Write a focused, frank cover note (3 paragraphs, ~300 words). Not a form letter — make it specific to this role and this company.

Structure:

  • Para 1: Hook. Why this role caught Dan's attention and what he brings to it. Use one specific detail from the job description to show he actually read it.
  • Para 2: The strongest matching story from his career. Concrete, specific, with a result. Should be the single most compelling proof point for this role.
  • Para 3: Brief forward look — why this company/role fits where he's headed next. Keep it direct, not sycophantic.

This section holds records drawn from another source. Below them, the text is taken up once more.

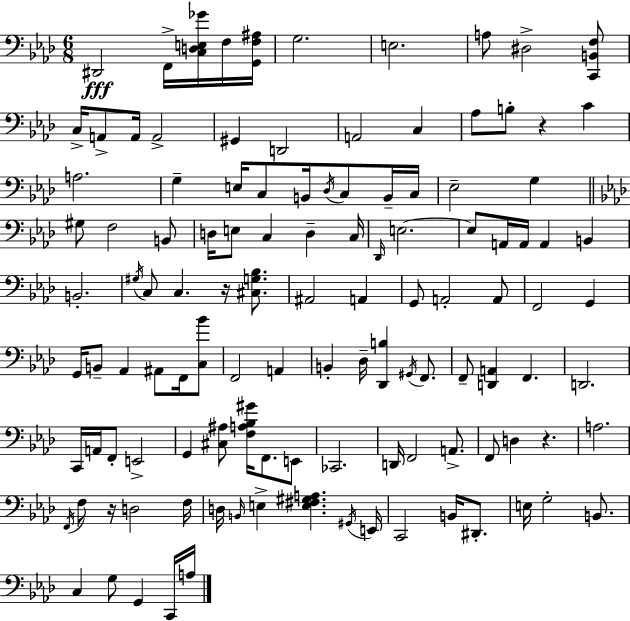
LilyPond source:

{
  \clef bass
  \numericTimeSignature
  \time 6/8
  \key aes \major
  dis,2\fff f,16-> <c d e ges'>16 f16 <g, f ais>16 | g2. | e2. | a8 dis2-> <c, b, f>8 | \break c16-> a,8-> a,16 a,2-> | gis,4 d,2 | a,2 c4 | aes8 b8-. r4 c'4 | \break a2. | g4-- e16 c8 b,16 \acciaccatura { des16 } c8 b,16-- | c16 ees2-- g4 | \bar "||" \break \key f \minor gis8 f2 b,8 | d16 e8 c4 d4-- c16 | \grace { des,16 } e2.~~ | e8 a,16 a,16 a,4 b,4 | \break b,2.-. | \acciaccatura { gis16 } c8 c4. r16 <cis g bes>8. | ais,2 a,4 | g,8 a,2-. | \break a,8 f,2 g,4 | g,16 b,8-- aes,4 ais,8 f,16 | <c bes'>8 f,2 a,4 | b,4-. des16-- <des, b>4 \acciaccatura { gis,16 } | \break f,8. f,8-- <d, a,>4 f,4. | d,2. | c,16 a,16 f,8-. e,2-> | g,4 <cis ais>8 <f a bes gis'>16 f,8. | \break e,8 ces,2. | d,16 f,2 | a,8.-> f,8 d4 r4. | a2. | \break \acciaccatura { f,16 } f8 r16 d2 | f16 d16 \grace { b,16 } e4-> <e fis gis a>4. | \acciaccatura { gis,16 } e,16 c,2 | b,16 dis,8.-. e16 g2-. | \break b,8. c4 g8 | g,4 c,16 a16 \bar "|."
} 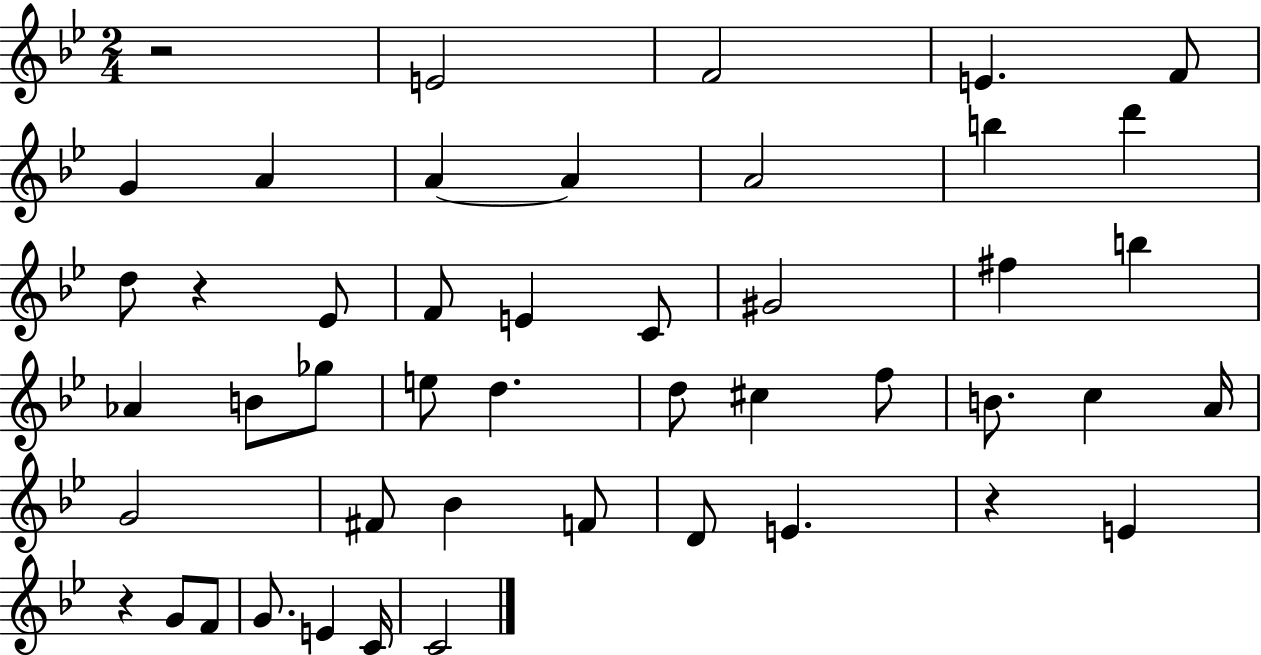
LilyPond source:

{
  \clef treble
  \numericTimeSignature
  \time 2/4
  \key bes \major
  r2 | e'2 | f'2 | e'4. f'8 | \break g'4 a'4 | a'4~~ a'4 | a'2 | b''4 d'''4 | \break d''8 r4 ees'8 | f'8 e'4 c'8 | gis'2 | fis''4 b''4 | \break aes'4 b'8 ges''8 | e''8 d''4. | d''8 cis''4 f''8 | b'8. c''4 a'16 | \break g'2 | fis'8 bes'4 f'8 | d'8 e'4. | r4 e'4 | \break r4 g'8 f'8 | g'8. e'4 c'16 | c'2 | \bar "|."
} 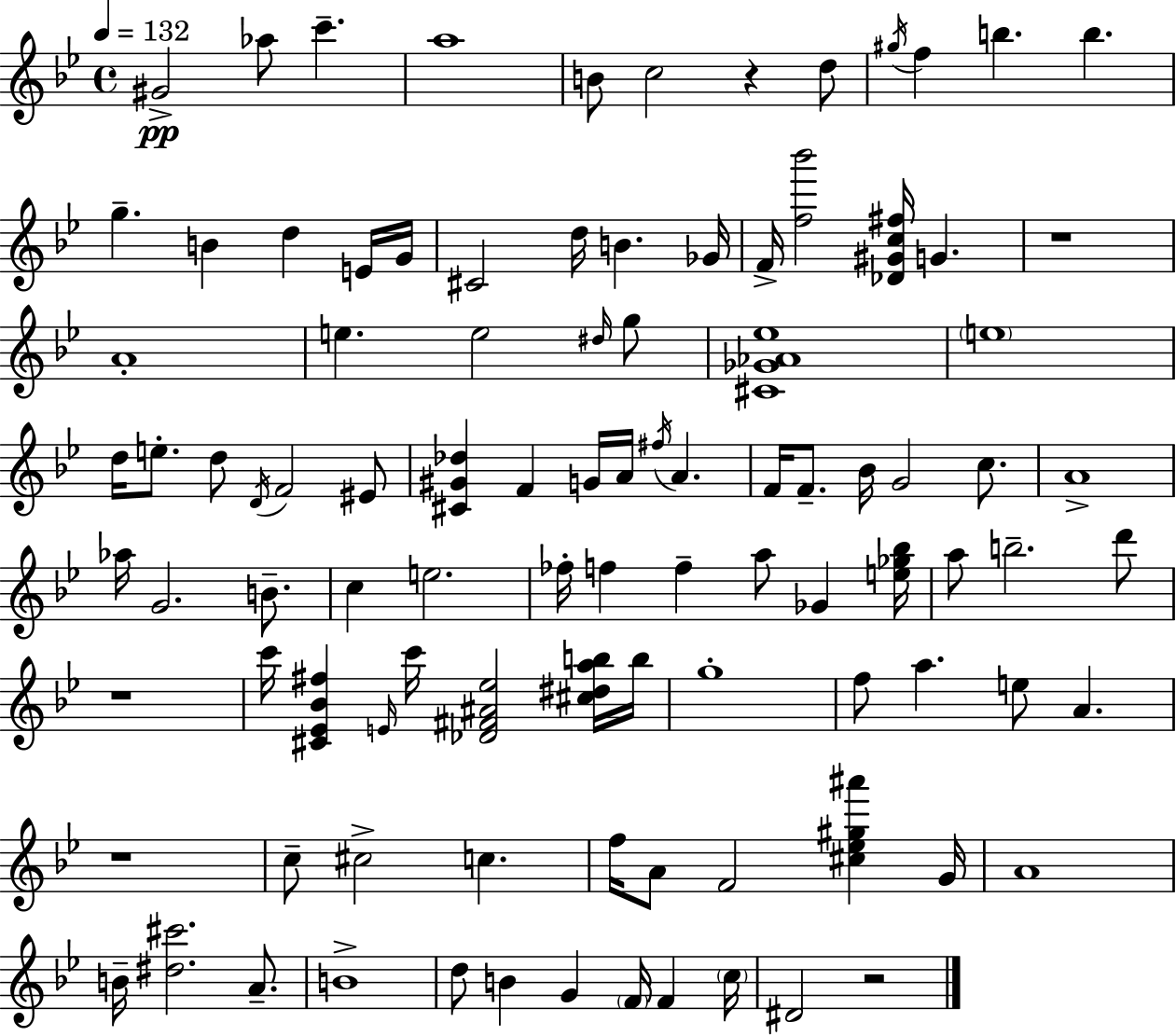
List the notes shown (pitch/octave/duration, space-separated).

G#4/h Ab5/e C6/q. A5/w B4/e C5/h R/q D5/e G#5/s F5/q B5/q. B5/q. G5/q. B4/q D5/q E4/s G4/s C#4/h D5/s B4/q. Gb4/s F4/s [F5,Bb6]/h [Db4,G#4,C5,F#5]/s G4/q. R/w A4/w E5/q. E5/h D#5/s G5/e [C#4,Gb4,Ab4,Eb5]/w E5/w D5/s E5/e. D5/e D4/s F4/h EIS4/e [C#4,G#4,Db5]/q F4/q G4/s A4/s F#5/s A4/q. F4/s F4/e. Bb4/s G4/h C5/e. A4/w Ab5/s G4/h. B4/e. C5/q E5/h. FES5/s F5/q F5/q A5/e Gb4/q [E5,Gb5,Bb5]/s A5/e B5/h. D6/e R/w C6/s [C#4,Eb4,Bb4,F#5]/q E4/s C6/s [Db4,F#4,A#4,Eb5]/h [C#5,D#5,A5,B5]/s B5/s G5/w F5/e A5/q. E5/e A4/q. R/w C5/e C#5/h C5/q. F5/s A4/e F4/h [C#5,Eb5,G#5,A#6]/q G4/s A4/w B4/s [D#5,C#6]/h. A4/e. B4/w D5/e B4/q G4/q F4/s F4/q C5/s D#4/h R/h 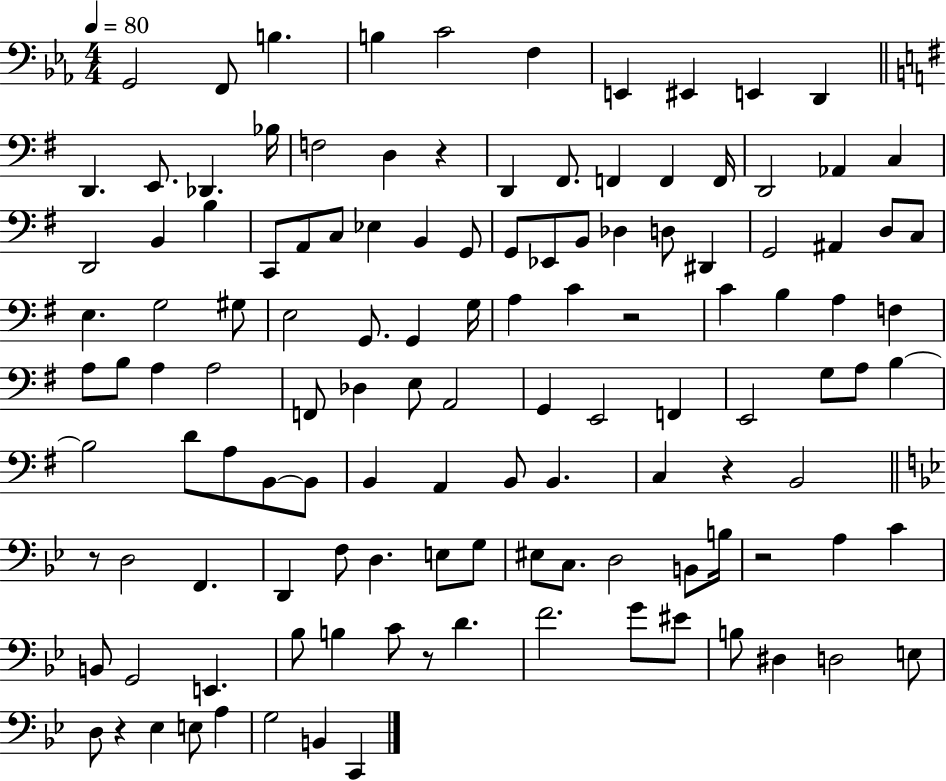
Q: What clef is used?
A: bass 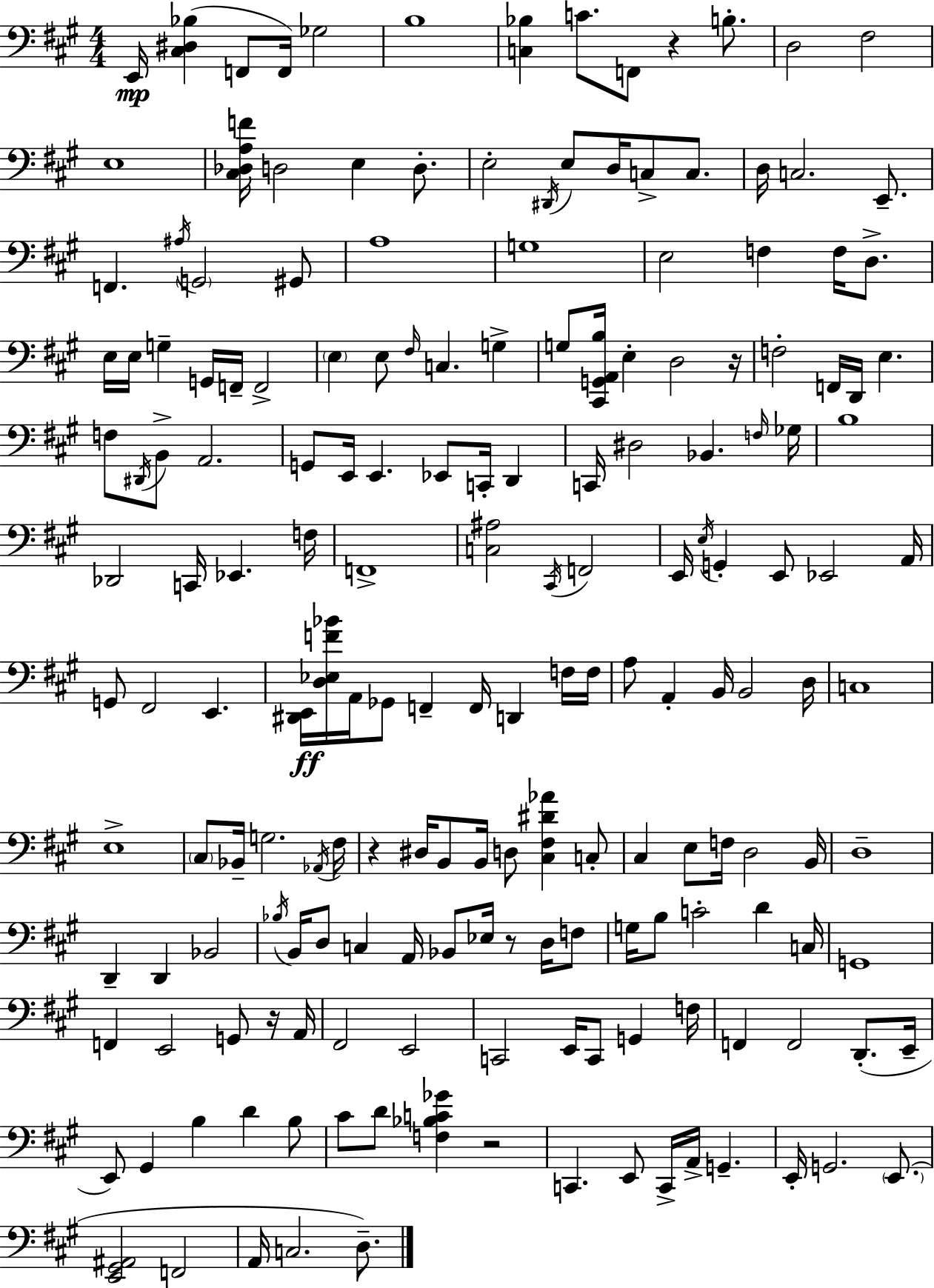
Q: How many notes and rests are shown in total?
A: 181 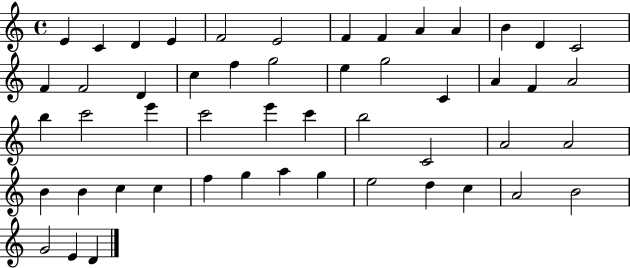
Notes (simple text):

E4/q C4/q D4/q E4/q F4/h E4/h F4/q F4/q A4/q A4/q B4/q D4/q C4/h F4/q F4/h D4/q C5/q F5/q G5/h E5/q G5/h C4/q A4/q F4/q A4/h B5/q C6/h E6/q C6/h E6/q C6/q B5/h C4/h A4/h A4/h B4/q B4/q C5/q C5/q F5/q G5/q A5/q G5/q E5/h D5/q C5/q A4/h B4/h G4/h E4/q D4/q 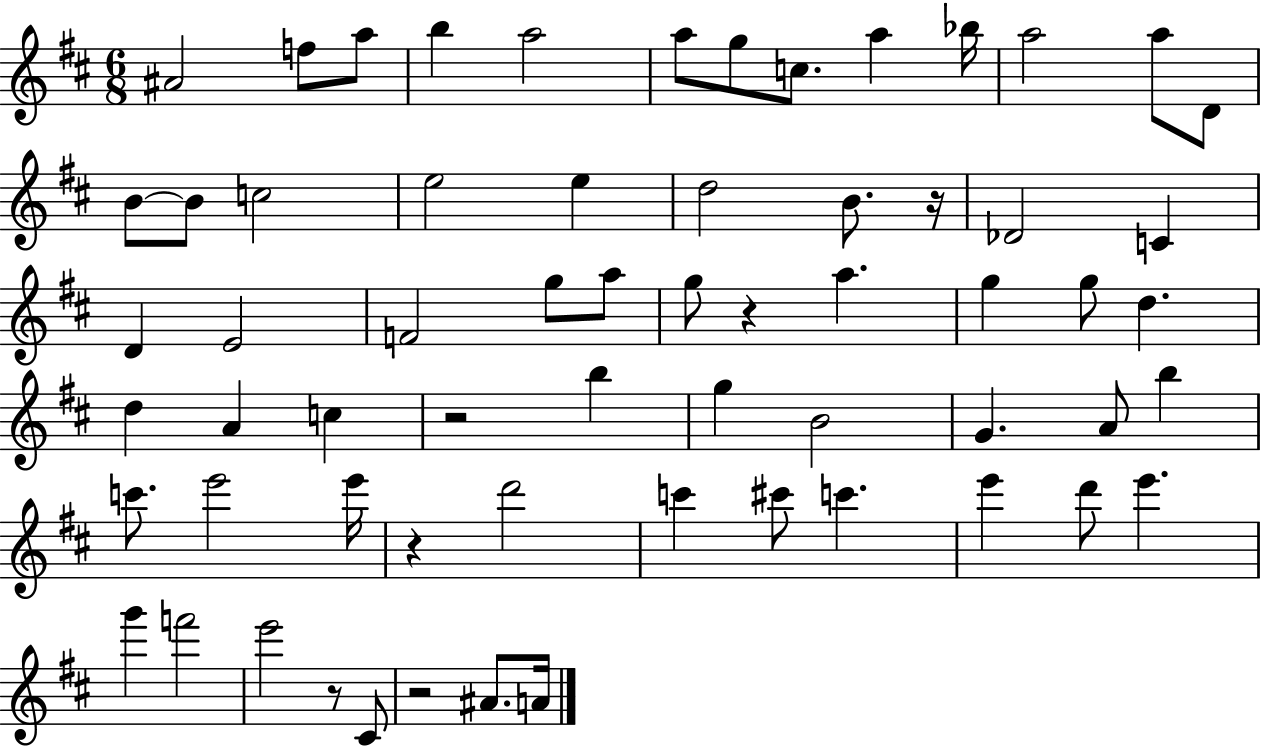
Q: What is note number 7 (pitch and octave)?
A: G5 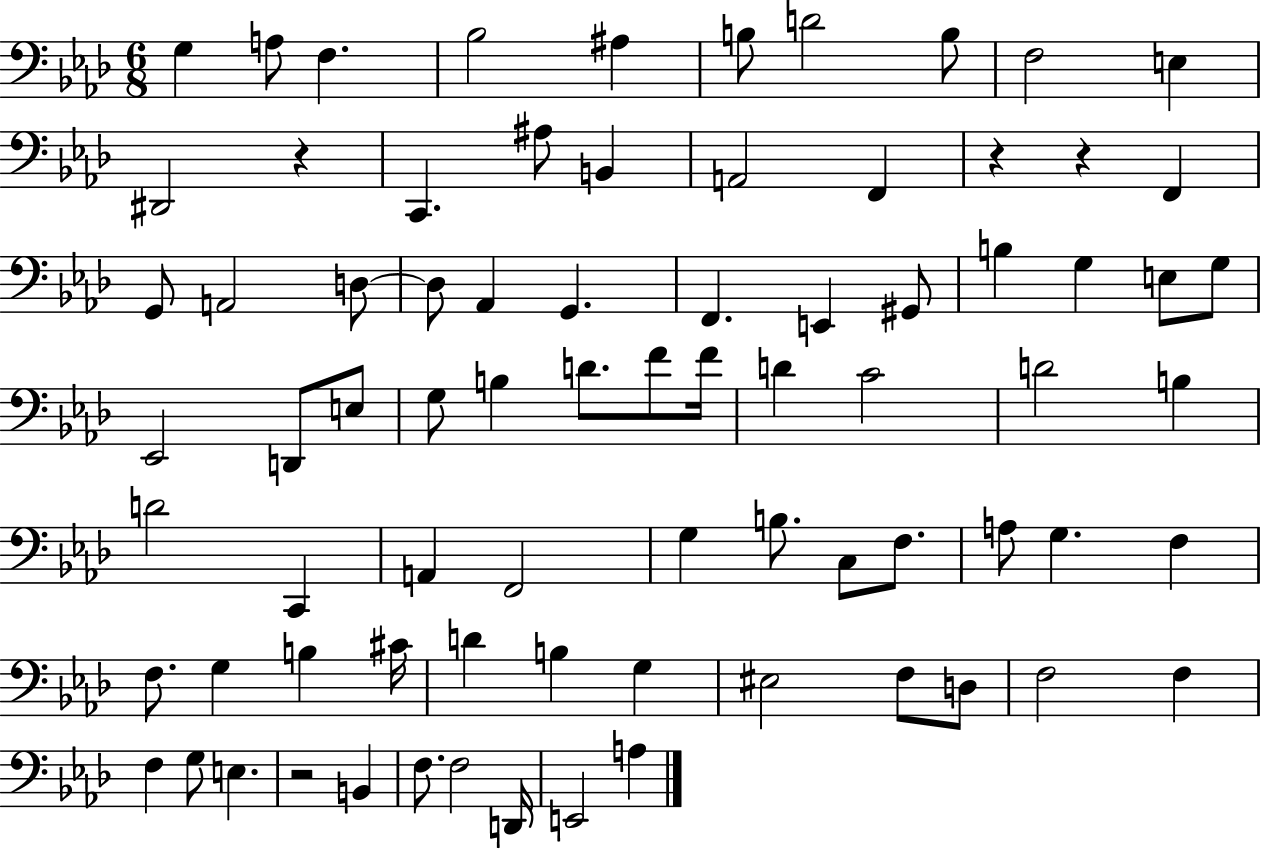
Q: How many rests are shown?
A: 4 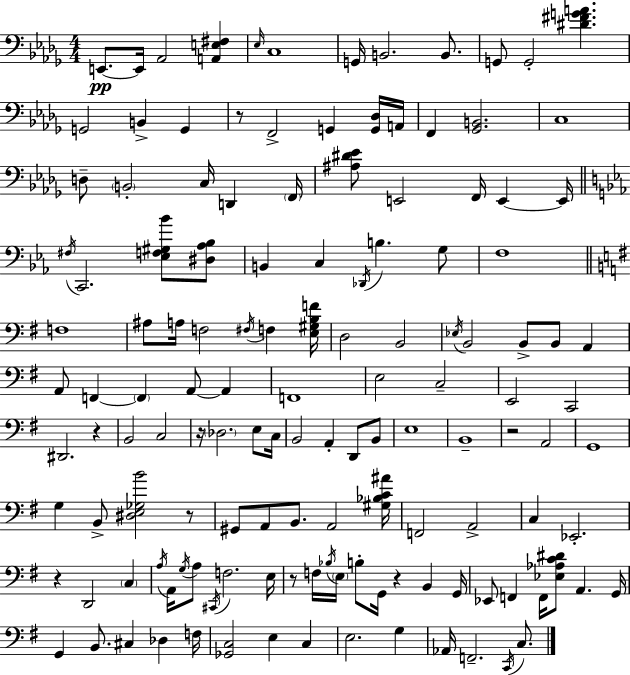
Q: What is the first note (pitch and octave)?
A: E2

Write to: work/career/goals/job_openings/[YYYY-MM-DD]_[company-slug]/cover_note_[company-slug].md

2e: Application Walkthrough

The job link is already open in the browser. Walk Dan through the application:

  1. Read the current page to identify the application method (Indeed Easy Apply, external company site, LinkedIn, etc.)
  2. Navigate to the correct starting point if needed
  3. Guide Dan step by step through each section. For fields where the tailored resume or cover note content applies, quote the relevant text he can copy in.
  4. For sensitive fields (SSN, bank info, passwords): tell Dan he needs to fill those himself and wait for him to proceed.
  5. Before hitting Submit: pause and confirm — "Ready to submit? This will send your application to [Company]."
  6. After submission: confirm success and note the confirmation/reference number if shown.

2f: Update GitHub Issue

After the application is submitted:

gh issue edit [NUMBER] \
  --repo danbrickey/exocortex \
  --remove-label "status: Reviewing" \
  --add-label "status: Applied"

Add a comment to the issue with the application date and any confirmation details:

gh issue comment [NUMBER] \
  --repo danbrickey/exocortex \
  --body "Applied [date]. [Confirmation number if available.] Resume and cover note saved to work/career/goals/job_openings/[folder]/"

Step 5: Session Summary

After all jobs are reviewed, give a clean summary:

## Job Review Complete — [Today's Date]

Reviewed: [N] leads
Applied:  [N] — [Company — Role], [Company — Role]
Passed:   [N] — [Company — Role]
Deferred: [N] — [Company — Role]

### Application Materials Created
[For each applied role:]
- [Company — Role]
  - Resume: work/career/goals/job_openings/[folder]/resume_[slug].md
  - Cover note: work/career/goals/job_openings/[folder]/cover_note_[slug].md

Next daily search runs at 6 PM. Say "run the job search" to trigger it early.

Error Handling

  • gh CLI not authenticated: Fall back to curl with GITHUB_TOKEN from .env. If both fail, ask Dan to run gh auth login or check the .env file.
  • No open leads: Inform Dan; offer to run the daily job search now.
  • Job link dead/expired: Pull whatever description is in the GitHub issue body and work from that. Note the link is expired in the issue comment.
  • Browser tab unavailable: Create a new tab to about:blank with tabs_create_mcp before navigating.
  • Indeed returns no data for a company: Skip the enrichment step and proceed with what's in the GitHub issue.
  • Application form requires login: Stop, tell Dan the site requires him to log in, and wait. Don't attempt to enter credentials.